Should he stay or should he go?

The Melody, a hazy allegory about ageing, is remorselessly slow moving. Baroque vocabulary and endless equivocation don’t help

issue 03 March 2018

This remorselessly slow-moving, hazily allegorical drama about ageing and xenophobia is Jim Crace’s 12th book, and the first to appear since he announced his retirement from writing in 2013. Like much of his other work, it lays its scene in a topographical and temporal bubble of the author’s own devising, where recognisable aspects of society and geography are almost imperceptibly twisted away from true.
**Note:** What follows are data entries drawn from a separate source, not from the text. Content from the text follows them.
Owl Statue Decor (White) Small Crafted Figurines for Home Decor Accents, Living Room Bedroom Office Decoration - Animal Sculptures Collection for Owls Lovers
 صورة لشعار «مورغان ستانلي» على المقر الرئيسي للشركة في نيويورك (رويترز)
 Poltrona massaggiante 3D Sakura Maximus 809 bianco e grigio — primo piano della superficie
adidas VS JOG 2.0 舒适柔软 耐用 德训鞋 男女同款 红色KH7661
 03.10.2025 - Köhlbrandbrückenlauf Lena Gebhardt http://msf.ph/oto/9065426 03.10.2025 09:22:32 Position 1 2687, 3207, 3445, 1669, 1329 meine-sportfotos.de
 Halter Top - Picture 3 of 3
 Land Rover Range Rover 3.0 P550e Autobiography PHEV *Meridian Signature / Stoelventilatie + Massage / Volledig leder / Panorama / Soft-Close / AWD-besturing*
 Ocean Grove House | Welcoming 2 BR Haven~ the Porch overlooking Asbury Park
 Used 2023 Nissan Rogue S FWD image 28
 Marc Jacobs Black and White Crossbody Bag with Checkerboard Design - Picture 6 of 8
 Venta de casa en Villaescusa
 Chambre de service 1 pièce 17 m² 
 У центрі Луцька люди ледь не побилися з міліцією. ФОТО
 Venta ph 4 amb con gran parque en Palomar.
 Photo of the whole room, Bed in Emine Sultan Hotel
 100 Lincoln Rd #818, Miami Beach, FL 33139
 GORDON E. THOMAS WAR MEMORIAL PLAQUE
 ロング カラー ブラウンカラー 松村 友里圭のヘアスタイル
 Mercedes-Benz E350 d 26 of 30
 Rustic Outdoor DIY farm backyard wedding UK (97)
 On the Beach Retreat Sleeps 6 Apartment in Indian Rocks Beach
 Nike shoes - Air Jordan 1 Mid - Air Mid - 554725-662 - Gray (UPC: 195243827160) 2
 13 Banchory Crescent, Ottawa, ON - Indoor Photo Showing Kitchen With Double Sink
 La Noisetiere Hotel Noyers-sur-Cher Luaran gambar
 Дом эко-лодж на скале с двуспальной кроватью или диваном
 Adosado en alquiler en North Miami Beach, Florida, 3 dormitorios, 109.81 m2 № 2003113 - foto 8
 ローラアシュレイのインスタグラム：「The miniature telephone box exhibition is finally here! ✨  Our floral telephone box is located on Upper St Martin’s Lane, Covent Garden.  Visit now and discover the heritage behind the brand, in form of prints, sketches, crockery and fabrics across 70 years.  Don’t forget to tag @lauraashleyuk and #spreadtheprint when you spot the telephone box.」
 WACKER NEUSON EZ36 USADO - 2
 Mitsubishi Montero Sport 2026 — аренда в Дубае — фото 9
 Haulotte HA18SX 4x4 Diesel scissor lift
The place is a nameless seaside community that isn’t in France, Italy, Malta, Greece or seemingly anywhere, but where people are called Dell’Ova and Busi and Pencillon and Klein; the period falls hazily between the invention of the phonograph and ‘the chilling advent of packaged frozen food’, but villagers still shiver medievally about beasts in the woods and one character adopts the strangely modern custom of calling herself ‘Lexxx’.

The narrative drifts along in the wake of Alfred Busi, a sixtysomething crooner who ‘in his time had sung in the greatest halls and auditoriums’ but who, as the novel opens, haunts a shadowy mansion on the town’s seafront, mourning his dead wife.